By the way, two or three times I've
been charmed by the way these gifts are sometimes offered. Instead
of "Do you like mikan?" the question is "Do you
So--bag heavier--I started back down the
hill on foot. Coming up was a walking henro, and we
exchanged pleasantries, including name slips. His was green, since
this is his fifth pilgrimage. As he walked on up the stairs, he
was laughing out loud and talking to himself. Perhaps he should
have quit after number four? (I admit to talking, singing, and
whistling as I walk--and occasionally I laugh out loud. But I try
not to do it when I know there are people around! Though
once or twice I have been startled to turn around in the middle of
saying something and find someone standing behind me.)
On the way down the mountain, I saw
this well-dressed Kannon in a graveyard.
|Temple #36: Shoryuji (The Temple of
the Green Dragon)
Honzon: Fudo Myoo (Acala Vidya-Raja)
This place has a stunning location.
Walking back the four kilometers to the bus, I passed a sand beach,
something I haven't seen a lot of in Japan.
The temple is located at the end of a
swampy valley which I guess was once an inlet of Usa Bay (more on that
name in a moment). Several writers have mentioned that the
bridge seen here was only built in 1975; before that pilgrims had to
"cross the river" by boat. I would guess that in
fact--when the inlet was still there--they crossed the entire bay
by boat. It was a long way around the bay by bus; it would have
been a beeline by boat.
The founding legend here replicates the
one for the founding of Koyasan.
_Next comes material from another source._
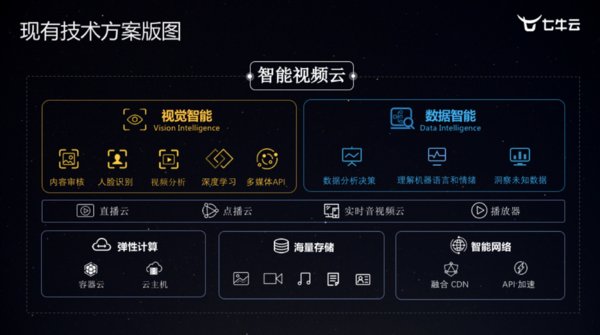 七牛云智能视频云技术方案版图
When he was leaving China after
his studies there, the Daishi threw his vajra--a sort of holy
dumbbell he's often seen holding in his right hand--across to Japan.
It landed here, behind the hondo. So he founded the temples
here. (At Koyasan, it was his staff, not his vajra.
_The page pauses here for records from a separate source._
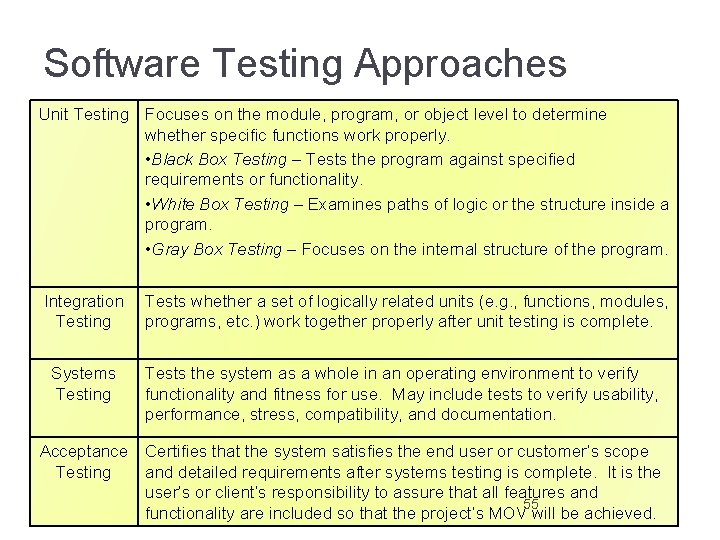 Software Testing Approaches Unit Testing Focuses on the module, program, or object level to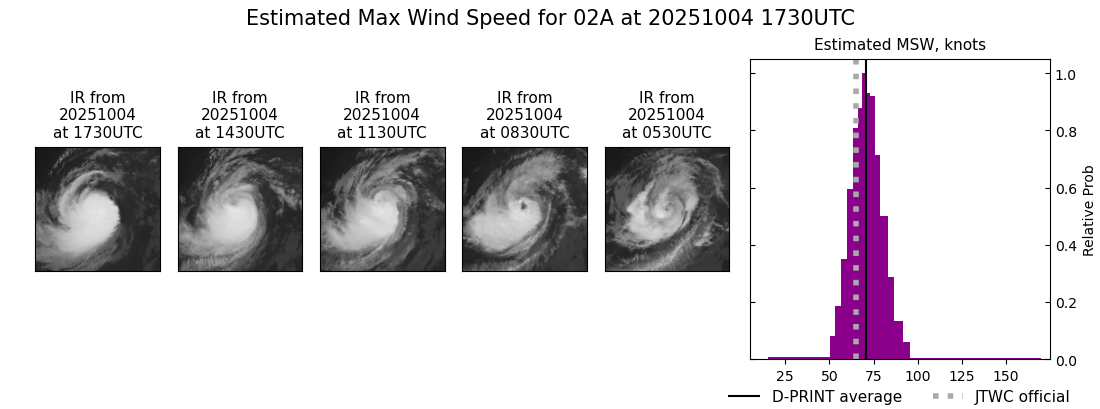 current 02A intensity image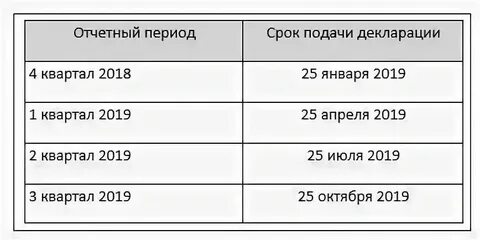 Сдача 3 квартала до какого числа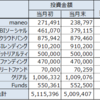2019年10月の資産運用結果 ~ガイアファンディングからは音沙汰なし~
Jeez, he must have come home empty-handed!)
A "perennial" word about the vajra.
We're told that on the pilgrimage, we should hold our beads in our left
hand when we pray, without being told why. A cursory inspection
will show that statues of the Daishi always show him with a circle of
beads in his left hand. (A circle--remember that.) In his
right, he usually has his vajra if sitting, and his staff if
Freud calling. The circle is
feminine, the staff or vajra masculine. The feminine symbol
is in the left (yin, receptive, passive) hand, the masculine in
the right (yang, creative, active) hand.
This temple has a waterfall used
in a rite called takigyo--praying under a waterfall. I have
had the privilege of seeing this--under a much larger fall--at
one of the temples on the Bando circuit. It is truly powerful.
This waterfall, though much smaller, would still give you quite a rush.
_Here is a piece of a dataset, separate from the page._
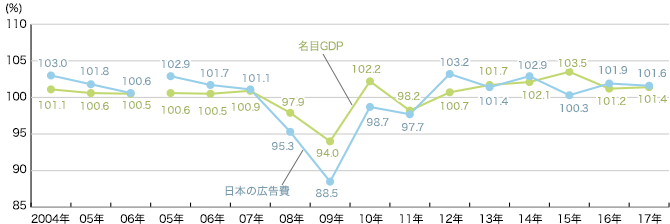 日本の総広告費と国内総生産（GDP）の推移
Statler did it; I envy him. There's no way I was going to try it
on this chilly Autumn evening. Maybe next time I do the
One of the funny things you see at a
temple at closing time--today is the second day in a row I've seen
it--is the straightening up of the incense. A lady comes
out and and picks up the sticks one by one, arranging them neatly into a
small pile to burn themselves out. And she does it with chopsticks!
As you walk back out around the former
inlet, the road is lined with statues (which are probably meant
to be seen on the approach, not the departure).
Occasionally, a statue has lost its
head. I've seen this before, and it always cracks me up: in
lieu of another head, a rock--not even a very likely-looking rock--is
stuck on in the head's place! As some of my friends would say,
"Kimochi warui!" It makes me feel yucky! It
gives me the creeps!
When I first saw this, I wondered why
they were hiding the statues behind this wall. Then I
realized what had happened: there used to be a roof sheltering these
guys; it has fallen forward.
Above I mentioned "Usa Bay,"
near the town of Usa. It was ringing a bell, and I couldn't
figure out why.
Then I remembered.
When I was a boy--before TQM--the label
"Made in Japan" often meant that something was poorly made (or
at least that was the prejudice of the time). So there was a story
around, a kind of urban legend, that the Japanese had re-named a town
"Usa" so they could use the label "Made in USA."
Well, number one, since it was still in Japan it would have to say
"Japan." And number two, as I learned today, this is not
a made-up place. The name is written in kanji, the Chinese
characters used in Japanese. The second character is so old that I
can't find anyone who can tell me what it means. So this is a real
Nevertheless, they do have fun
with the name. I saw one sign from the bus that said in English:
"Welcome to USA." And walking along the bay, I saw
this sign. It says "koko wa USA desu"--literally,
"Here is USA." But any able translator would read it,
"This is the USA." ("koko wa Nihon desu"
means clearly, "This is Japan.")
Almost finally: When I transferred to
another bus on the way home, I had to wait about 20 minutes. I
ducked into the grounds of very small shrine near the
river. And it was covered in frogs.
Not real frogs, but statuary
frogs that people buy and dedicate at the shrine. I don't know
the significance of this frog-with-a-frog-on-his-back, but I see it
everywhere. Anybody know what it means?
Finally: I went back to the bus stop in
Kochi and looked around for my phone; it's not uncommon for people here
to find something and just put it in a safe and obvious place, like
hanging on the timetable sign or something. Not seeing it, I went
to a nearby phone booth and called, thinking I might hear it ring.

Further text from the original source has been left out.